Once you've written it down, you have some place to start. Now, notice that I said, "write it down", but not that it's written in stone, not that it's immutable. You have a baseline now, and you can deviate from it, in part by adding justification for that deviation to your process. It's easy..."I collected and parsed the PCA files because this was the first Windows 11 system I'd seen in X months." Boom. Done.
With it written down, how much can you automate? If you mount the acquired image, or put the triage data in a specific folder structure, is this something you can easily do every time? Yes? Okay, so then, can you automate your parsing process? If the data is in the same location every time, can you automate the process so that a single command or button press can get everything parsed?
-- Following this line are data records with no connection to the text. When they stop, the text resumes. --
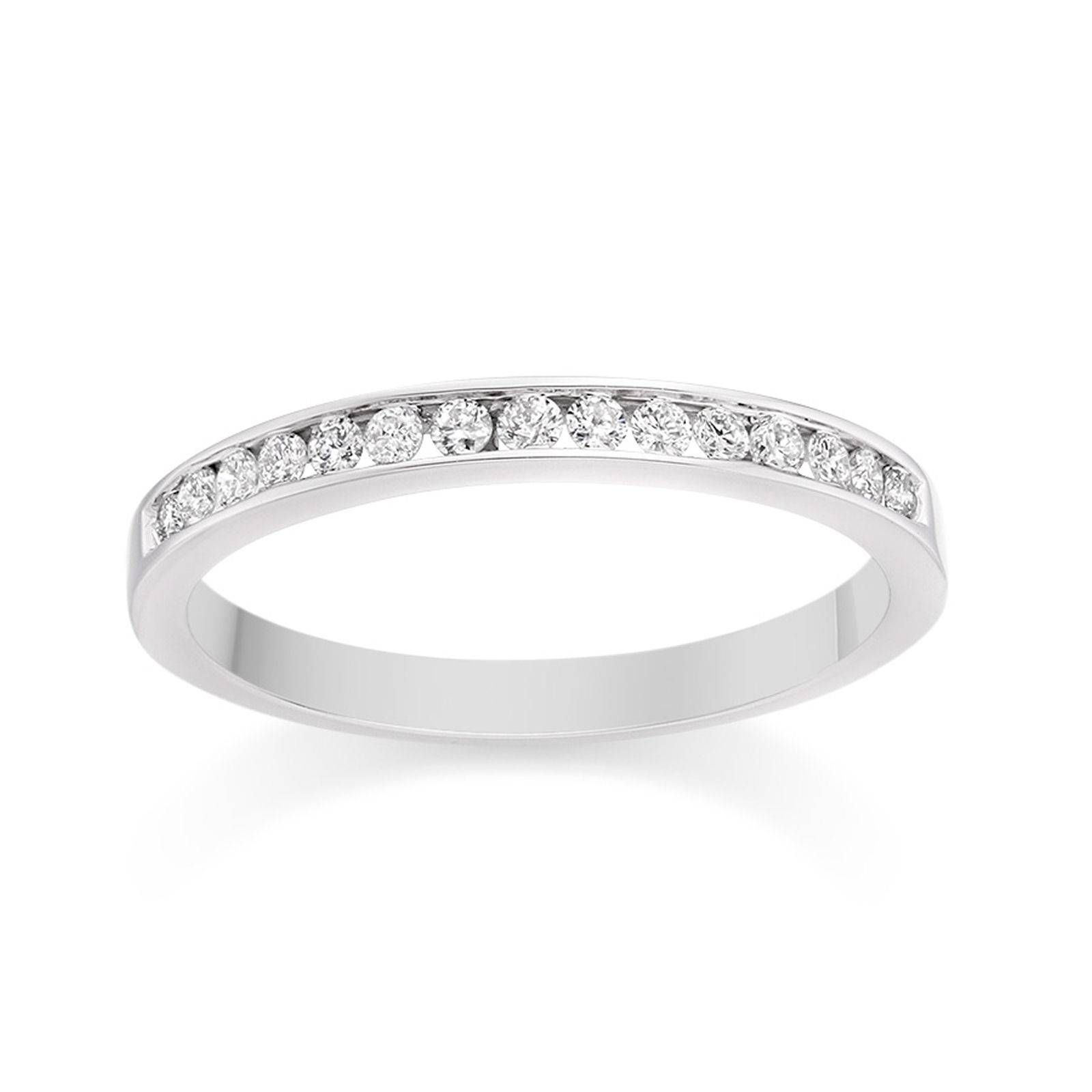 Channel Set Diamond Wedding Ring In Platinum Wedding Dress From Pertaining To Wedding Rings With Platinum Diamond (View 13 of 15)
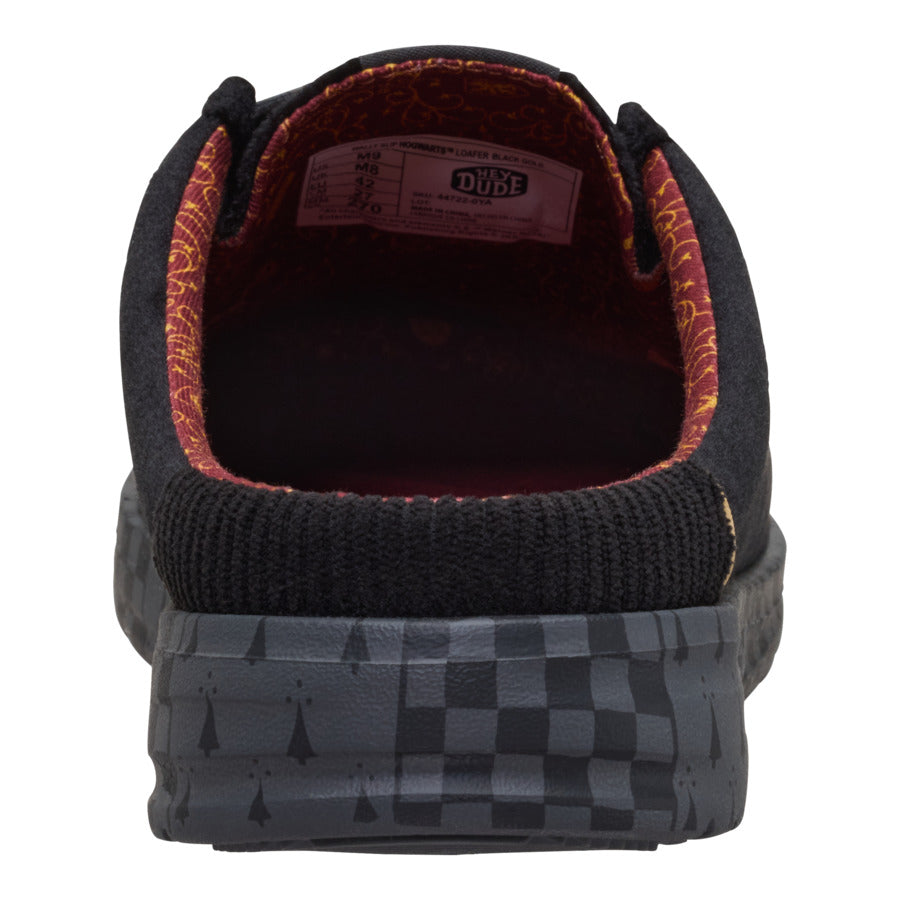 Wally Slip Hogwarts Loafer – Black/Gold - Image 5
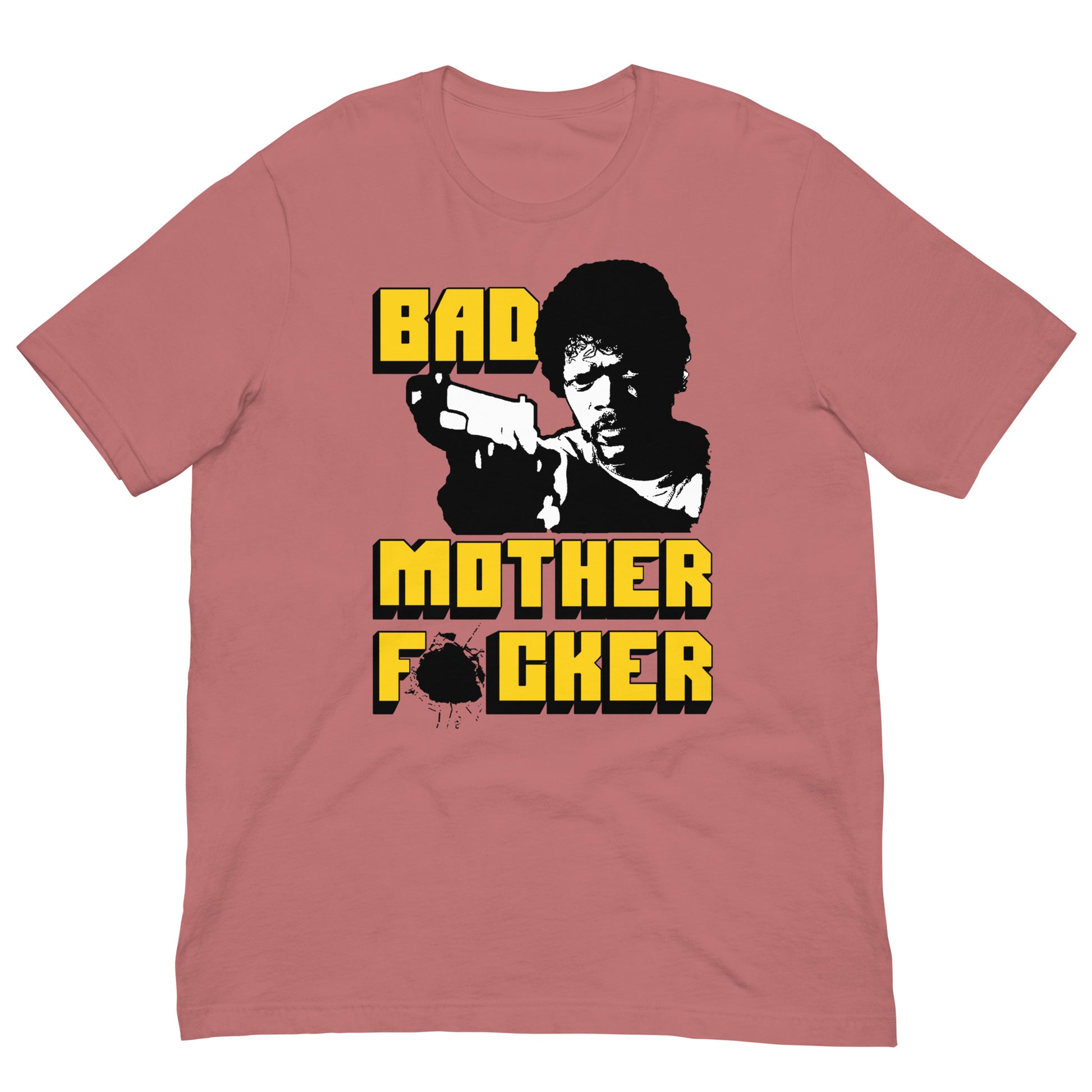 camiseta bad mother fucker pulp fiction malva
At one point in my career, I'd thought that having a lab intake process was the way to go...acquired images, laptops, or just hard drives could be sent to the lab, where the intake technician would take care of connecting the device/data, running through the parsing, extraction, enrichment and decoration process, and then inform the analyst when the results were ready. At that point, the analyst would have access to the parsed data, as well as the original "evidence", if needed. But they wouldn't have to do the processing themselves, and there wouldn't be a bunch of missed steps, and gaps in the reporting.
Let's assume that the automation is complete, to some extent. It doesn't have to be fancy, and it doesn't have to be everything at this point. Now that we've got stuff written down, we have something we can build on, that we can add to and extend. Now only can we add other data sources, but we can add things like enrichment and decoration, from external sources or from previous incidents. Now that we've got some modicum of automation, a lot of the manually-intensive "heavy lifting" is now being done by the computer. Now we have a more efficient, less error-prone process that frees up a LOT of time for things like actual analysis, lessons learned development, and baking those things we learn back into the process.